Dr. Maureen McHugh spoke on behalf of gubernatorial hopeful Tom Wolf, a former state secretary of revenue whose family business is a major supplier of kitchen cabinets in America.
“He’s an earnest person, an honest person,” McHugh said. “His motto is ‘A Fresh Start for Pennsylvania.’”
McHugh said Wolf also strongly supports better education to provide a promising future for the state’s children.
Former 12th District Congressman Mark Critz is running for lieutenant governor.
“Public service is the job I should have been doing all my life,” Critz said, because it has given him the most satisfaction.
“This is about November,” Critz said. “We need to put the strongest candidate in the field.” All the gubernatorial candidates are from the eastern half of the state, and Critz said that as a resident of western Pennsylvania he would be part of a Democratic ticket that could defeat incumbent Gov. Tom Corbett in the fall.
Lieutenant governor candidate Brad Koplinski said that as a member of Harrisburg’s city council he helped the capital city get out of a $350 million debt.
Koplinski said Corbett does not have a comprehensive jobs plan.
“Marcellus shale — absolutely wrong what he’s done with that. … Tom Corbett has not been a friend of women,” Koplinski said.

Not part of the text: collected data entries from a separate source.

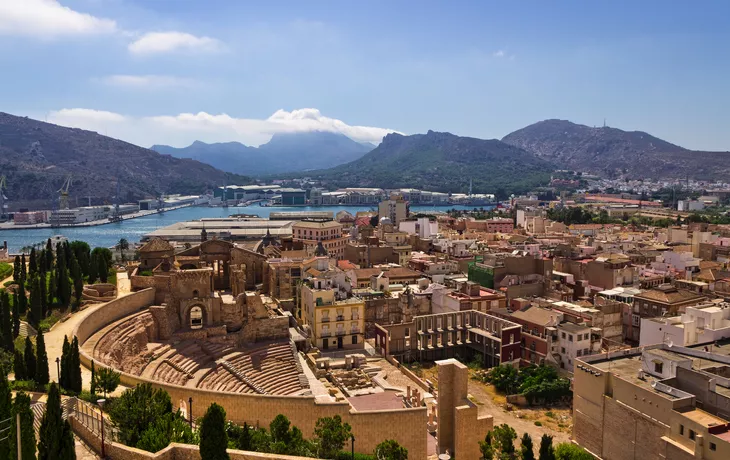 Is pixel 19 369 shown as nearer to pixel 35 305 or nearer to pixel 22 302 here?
pixel 35 305

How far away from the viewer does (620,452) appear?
21078 millimetres

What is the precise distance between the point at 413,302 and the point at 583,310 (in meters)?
10.4

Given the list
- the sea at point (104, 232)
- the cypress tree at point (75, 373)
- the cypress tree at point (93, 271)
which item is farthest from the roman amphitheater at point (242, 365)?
the sea at point (104, 232)

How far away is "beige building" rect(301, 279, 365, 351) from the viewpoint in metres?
33.1

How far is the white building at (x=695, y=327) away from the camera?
92.9ft

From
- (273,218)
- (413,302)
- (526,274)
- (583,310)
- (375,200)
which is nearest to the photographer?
(583,310)

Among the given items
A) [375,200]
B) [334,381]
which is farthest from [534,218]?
[375,200]

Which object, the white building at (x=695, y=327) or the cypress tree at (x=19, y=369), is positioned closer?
the cypress tree at (x=19, y=369)

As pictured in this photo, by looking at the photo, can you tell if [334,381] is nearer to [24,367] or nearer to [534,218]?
[24,367]

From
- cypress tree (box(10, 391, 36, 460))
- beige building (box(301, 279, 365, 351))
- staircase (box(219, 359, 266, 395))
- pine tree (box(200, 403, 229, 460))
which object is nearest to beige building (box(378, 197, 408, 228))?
beige building (box(301, 279, 365, 351))

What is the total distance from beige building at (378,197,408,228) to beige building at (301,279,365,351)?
6156 centimetres

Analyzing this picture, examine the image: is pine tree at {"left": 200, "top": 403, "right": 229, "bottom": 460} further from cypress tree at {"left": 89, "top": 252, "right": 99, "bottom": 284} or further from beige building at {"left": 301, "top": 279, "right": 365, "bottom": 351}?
cypress tree at {"left": 89, "top": 252, "right": 99, "bottom": 284}

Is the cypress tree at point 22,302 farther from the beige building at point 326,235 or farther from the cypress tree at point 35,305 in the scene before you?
the beige building at point 326,235

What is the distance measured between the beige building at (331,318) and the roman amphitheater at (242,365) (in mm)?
1348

Jim Blue urged support for lieutenant governor candidate W. Brandon Neuman, 32, a state representative from Washington County.
“Brandon has natural leadership ability,” Blue said. “He’s young, he’s intelligent, he has high energy. … He’s pushing jobs and child protection. He’s a fiscal conservative.
“He’s from the west as well,” Blue added. “We need a voice for the western half of the state.”
Alanna Hartzok, of Franklin County, is unopposed for the Democratic nomination for representative in Congress from the 9th District. She has worked with nonprofit organizations.
“We have a democracy problem with wealth and equality,” she said, adding she decided to run for office because of joblessness among youth, child impoverishment and a growing heroin problem she said she has seen in the 9th District.
And Robert “Toby” Santik, a member of Punxsutawney Borough council and co-owner of 5-Star Frac Support Services, is unopposed for the Democratic nomination for the 66th District in the Pennsylvania House.
Santik described himself as a proponent for coal, oil and natural gas and timber.
“This is the 66th District. It’s the essence of what we are,” Santik said. “I want to move the 66th in a new direction. I want to represent everybody.”
State Rep. Joseph Petrarca, whose 55th District gained Saltsburg Borough under redistricting, spoke to the crowd earlier in the evening because he had to leave for another engagement.
Pat Heilman, co-president of the federation, urged the county’s Democrats to work to get voters to the polls on May 20.
“Democrats don’t let Democrats vote alone,” she said, and she challenged everyone to take one other Democrat with them to the polls in May and to take two others with them in November.